If a line in the records below contains the word "Growing", return that line.

------------------------------------------------------------

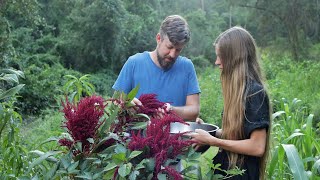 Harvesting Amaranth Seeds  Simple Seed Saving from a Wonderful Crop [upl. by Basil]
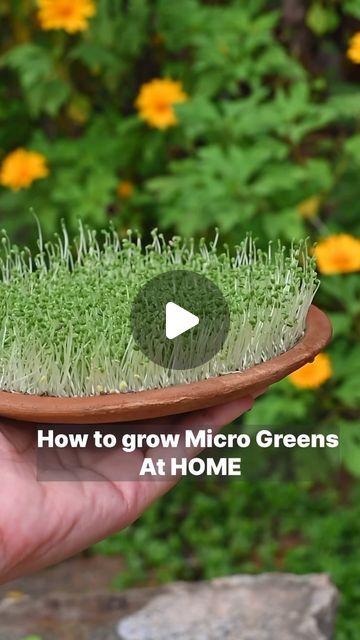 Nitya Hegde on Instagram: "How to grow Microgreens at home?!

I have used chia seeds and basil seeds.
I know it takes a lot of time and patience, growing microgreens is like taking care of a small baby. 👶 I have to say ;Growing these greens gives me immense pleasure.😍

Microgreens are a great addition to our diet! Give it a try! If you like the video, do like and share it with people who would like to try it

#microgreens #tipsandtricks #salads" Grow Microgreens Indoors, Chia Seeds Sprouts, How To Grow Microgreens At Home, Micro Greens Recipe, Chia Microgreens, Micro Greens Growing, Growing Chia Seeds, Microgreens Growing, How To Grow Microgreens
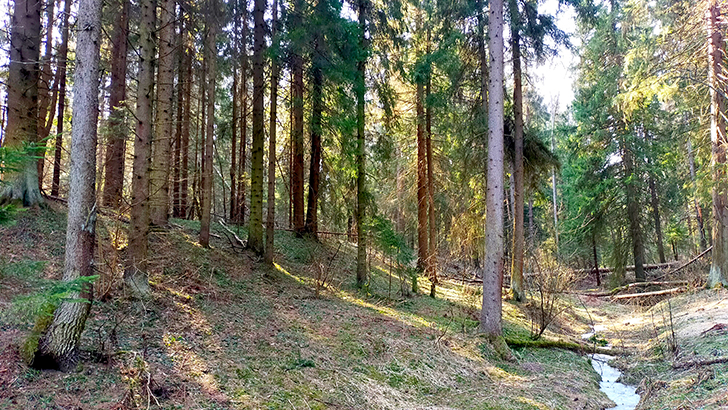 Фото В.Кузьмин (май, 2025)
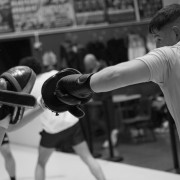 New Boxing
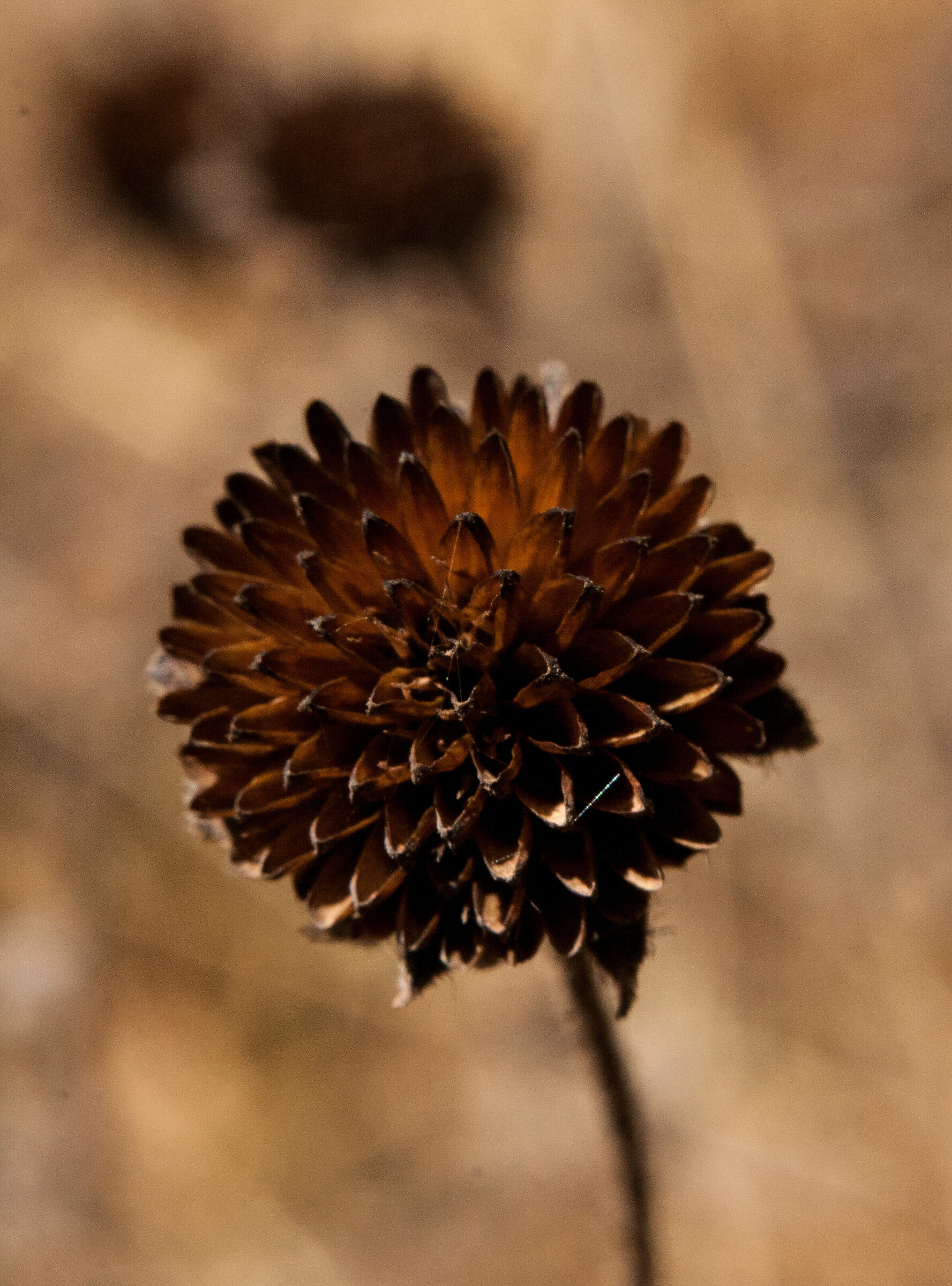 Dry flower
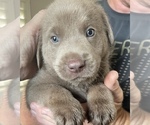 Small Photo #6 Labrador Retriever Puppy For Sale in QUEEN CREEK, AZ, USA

------------------------------------------------------------

→ **WRITTEN ANSWER**
I know it takes a lot of time and patience, growing microgreens is like taking care of a small baby. 👶 I have to say ;Growing these greens gives me immense pleasure.😍
#microgreens #tipsandtricks #salads" Grow Microgreens Indoors, Chia Seeds Sprouts, How To Grow Microgreens At Home, Micro Greens Recipe, Chia Microgreens, Micro Greens Growing, Growing Chia Seeds, Microgreens Growing, How To Grow Microgreens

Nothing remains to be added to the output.